In connection with PRC-019-02, NERC directs compliance staff to gain an understanding of how GOs and Transmission Owners (TO) verify coordination of voltage regulating controls, limit functions, equipment capabilities, and Protection System settings at both the individual inverters and at the generator’s point of interconnection, specifically:

  • How do the GO and TO coordinate voltage regulating controls with the applicable equipment capabilities and settings of the applicable Protection System devices and functions (including in-service limiters and protection functions)?
  • What does the GO consider that could trip the individual inverters? How are those trip settings coordinated with the individual inverter capability and limiters?
  • If the generation is a current-limited device, then how are the current limits coordinated with protection (for each type of protection) to maintain power production and voltage control (via reactive power production)?
  • What limiters and protection exist at the power plant level (e.g., at the plant controller or Point of Interconnection), and how are those settings coordinated to prevent individual inverters from tripping unnecessarily?
  • How does the GO ensure that its individual turbine-level controls are functioning properly and coordinated with its plant level controller (e.g., configured with appropriate dead bands and frequency droop), both during steady-state conditions and during ride-through operations?
  • How has the GO implemented recommendations from the NERC Alert related to momentary cessation mitigation?
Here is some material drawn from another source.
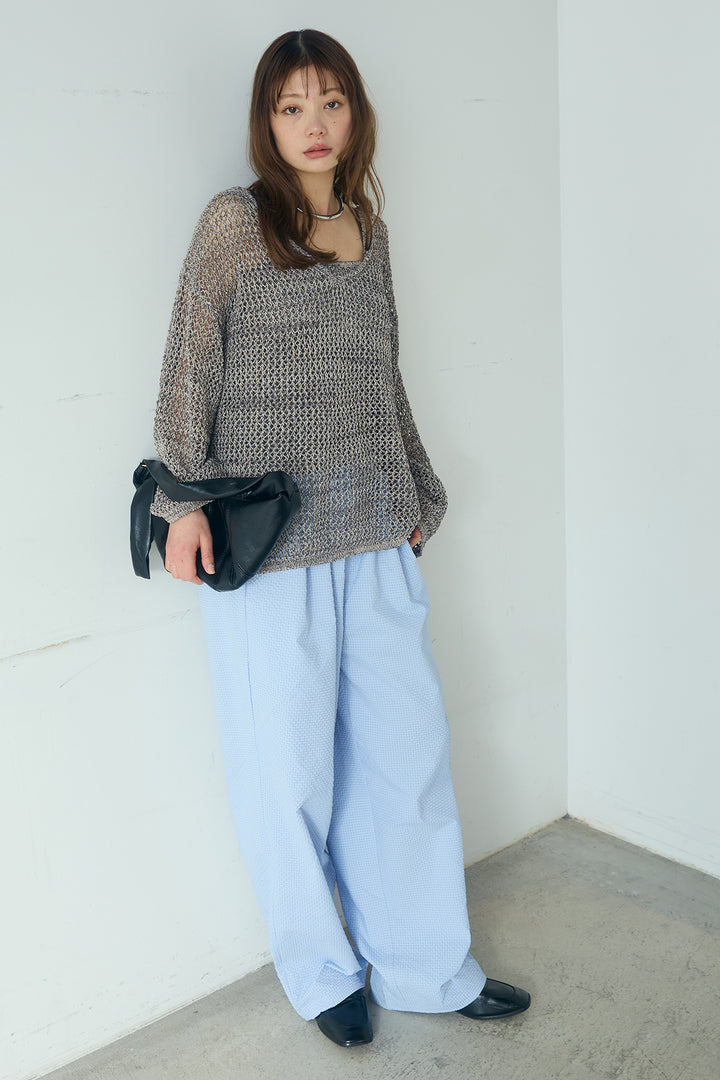 [SET]メッシュ編みビスチェセットVネックプルオーバー+シアサッカーイージーパンツ(2set)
Accurate and Coordinated Modeling

NERC directs its compliance staff to understand the following about the processes inverter-based resource GOs use to provide modeling data requested per Planning Coordinator/Transmission Planner specifications:

  • What steps has the GO taken to validate that its model data matches actual system behavior and accurately represents generator responses?
    • How does the GO ensure the physical properties and responses to staged tests or measured system responses are accurately represented in dynamic models?
    • Is GO verification testing consistent with established best practices as outlined in NERC Reliability Guidelines for synchronous machines and inverter-based resources?
  • What steps did the GO take to ensure its dynamic model data met Planning Coordinator/Transmission Planner specifications and accurately represented the operation of its inverter-based resource?
    • Does the data supplied by the inverter manufacturer show the specific parameters used for this make and model of the inverter?
    • Does commissioning data show the gains and time constants of the inverter-level and plant-level controls that are site-specific?
    • How does the GO determine the output of the actual inverter matches the output of the models from tests or actual events?
    • What controls do the test engineers have in place to ensure accurate measurements are obtained during testing and commissioning?
    • Do resources operating with momentary cessation meet the dynamic model specifications from the Planning Coordinator/Transmission Planner?